Mamá Rittah sacudió la cabeza.

–He oído las viejas historias de boca de mi madre, que las oyó de la suya, y así hacia atrás. No tengo hijos, así que cuento la historia a otros, pero puede que se acabe. En esta época ya no se cree en nada.

–No del todo, Mamá Rittah -dijo Dors-. Hay personas que especulan sobre la época prehistórica y que estudian algunas de las historias de los mundos perdidos.

Mamá Rittah hizo un movimiento con el brazo, como si quisiera apartar algo.

–Porque lo miran con frialdad.
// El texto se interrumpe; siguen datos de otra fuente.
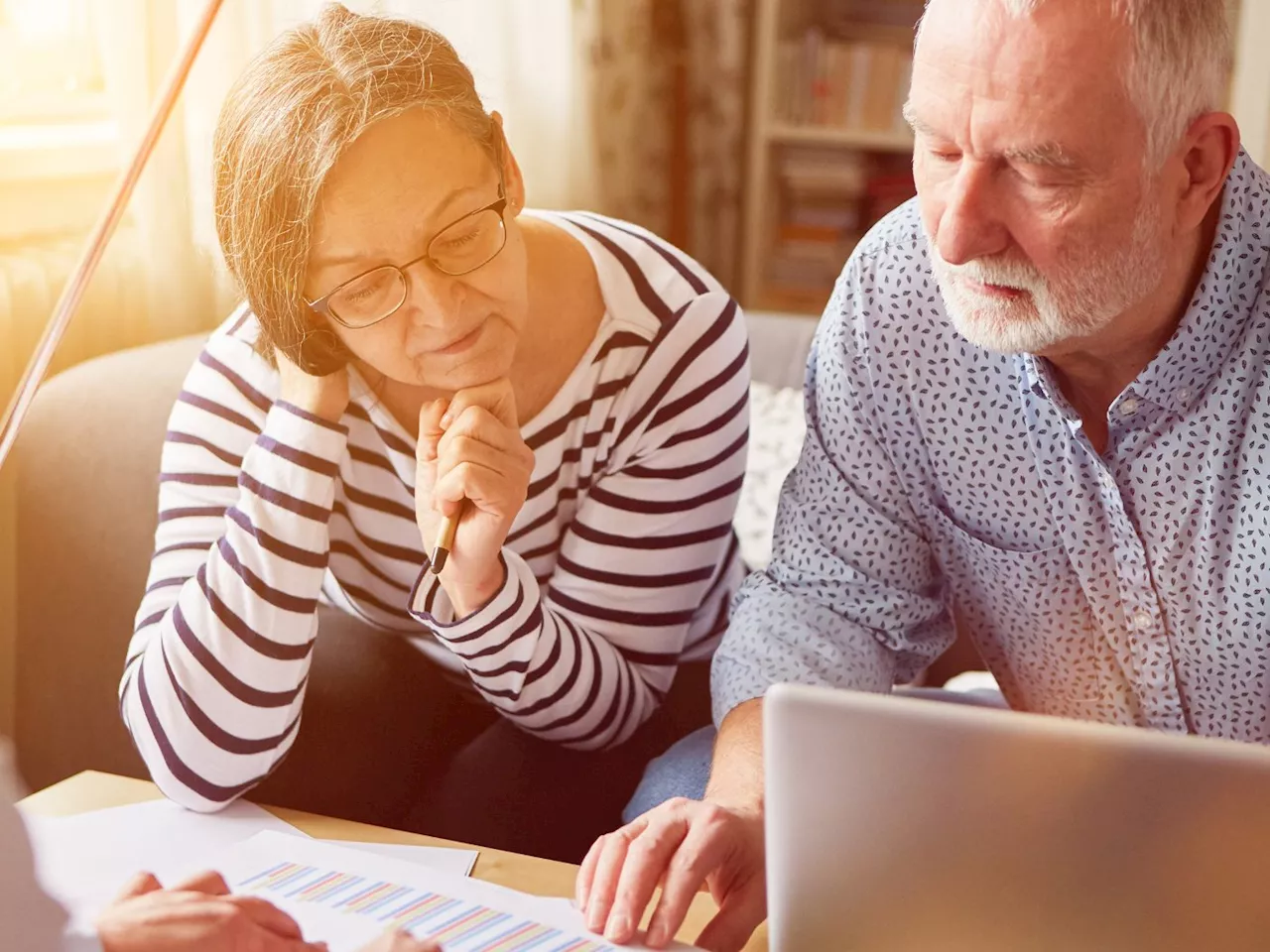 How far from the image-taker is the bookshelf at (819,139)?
2711 millimetres

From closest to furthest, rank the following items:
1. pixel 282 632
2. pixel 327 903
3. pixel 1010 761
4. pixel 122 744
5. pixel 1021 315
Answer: pixel 1010 761 → pixel 327 903 → pixel 1021 315 → pixel 282 632 → pixel 122 744

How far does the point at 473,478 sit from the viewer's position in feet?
2.95

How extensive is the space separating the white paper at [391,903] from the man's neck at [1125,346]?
1.62 ft

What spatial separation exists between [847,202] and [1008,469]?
1.87 m

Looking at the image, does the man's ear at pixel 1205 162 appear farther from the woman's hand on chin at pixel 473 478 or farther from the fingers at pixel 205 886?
the fingers at pixel 205 886

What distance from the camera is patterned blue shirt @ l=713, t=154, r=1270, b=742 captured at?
927mm

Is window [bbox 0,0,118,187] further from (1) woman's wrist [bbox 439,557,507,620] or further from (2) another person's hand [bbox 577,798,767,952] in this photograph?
(2) another person's hand [bbox 577,798,767,952]

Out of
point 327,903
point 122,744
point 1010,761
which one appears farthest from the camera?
point 122,744

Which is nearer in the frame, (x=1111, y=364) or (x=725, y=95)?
(x=1111, y=364)

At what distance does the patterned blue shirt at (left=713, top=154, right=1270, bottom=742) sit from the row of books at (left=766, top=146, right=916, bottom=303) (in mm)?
1745

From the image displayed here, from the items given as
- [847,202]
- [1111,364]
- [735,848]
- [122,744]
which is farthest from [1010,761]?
[847,202]

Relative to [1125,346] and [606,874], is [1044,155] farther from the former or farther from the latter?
[606,874]

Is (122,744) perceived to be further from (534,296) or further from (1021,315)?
(1021,315)

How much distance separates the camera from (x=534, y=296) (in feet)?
3.51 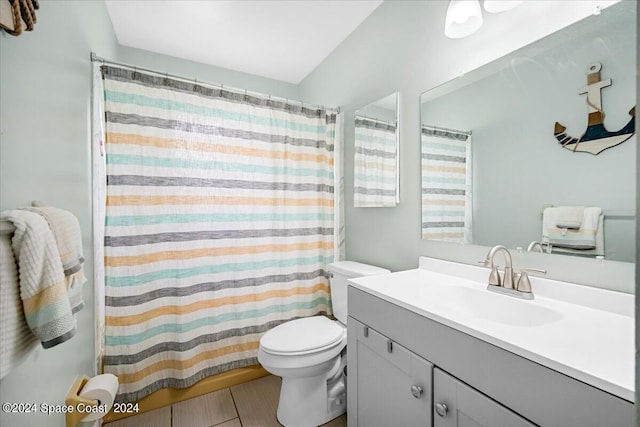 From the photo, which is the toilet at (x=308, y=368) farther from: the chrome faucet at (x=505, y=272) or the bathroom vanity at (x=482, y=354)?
the chrome faucet at (x=505, y=272)

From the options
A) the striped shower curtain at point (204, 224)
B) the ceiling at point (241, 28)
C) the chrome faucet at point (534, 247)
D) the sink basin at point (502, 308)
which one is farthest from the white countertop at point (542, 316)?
the ceiling at point (241, 28)

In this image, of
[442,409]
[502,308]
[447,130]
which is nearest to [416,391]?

Como eruditos. Tratan de hacerlo encajar en sus conocimientos. Podría contarles historias, durante un año entero, del gran héroe
Ba-Lee
, pero ustedes no dispondrían de tiempo suficiente para escucharme, y yo he perdido la fuerza de contar.

–¿Ha oído hablar de robots? – preguntó Seldon.

La anciana se estremeció y su voz fue como un alarido.

–¿Por qué me pregunta estas cosas? Eran seres humanos artificiales, malos de por sí y obra de los mundos del Mal. Fueron destruidos y jamás deben ser mencionados.

–Pero hubo un robot especial que los mundos del Mal odiaban, ¿no es cierto?

Mamá Rittah se acercó, con dificultad, a Seldon y le miró a los ojos. Él sintió su cálido aliento en el rostro.

–¿Ha venido a burlarse de mí? ¿Sabe todas esas cosas y viene a preguntarme? ¿Por qué me pregunta?

–Porque deseo saber.

–Hubo un ser humano artificial que ayudó a la Tierra. Era
Da-Nee
, amigo de
Ba-Lee
. No murió jamás y vive en alguna parte, esperando su hora de regresar. Nadie sabe cuándo será eso, pero vendrá algún día, restablecerá los grandes días de antaño y erradicará toda crueldad, injusticia y miseria. Ésta es la promesa.

Al terminar, cerró los ojos y sonrió, como si recordara…

–Gracias, Mamá Rittah. Me ha servido de gran ayuda. ¿Cuáles son sus honorarios?